What needs to be done:
Nothing but an exact copy is asked for: the lines in the material below from the one with "چای جوش عطری یک لیتری" through the one with "Free Fonts Download", pictures excluded.

Dataset records:

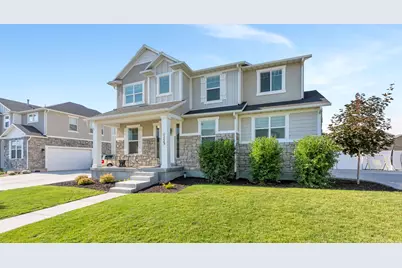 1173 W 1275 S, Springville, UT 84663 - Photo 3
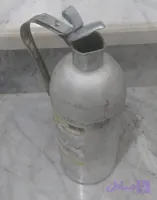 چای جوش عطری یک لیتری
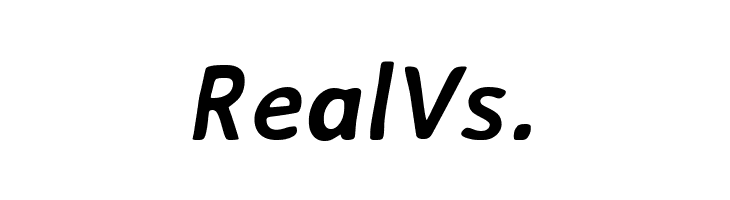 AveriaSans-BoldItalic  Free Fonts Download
==
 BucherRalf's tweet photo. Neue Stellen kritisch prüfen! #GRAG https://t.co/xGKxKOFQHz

Result below:
 چای جوش عطری یک لیتری
 AveriaSans-BoldItalic  Free Fonts Download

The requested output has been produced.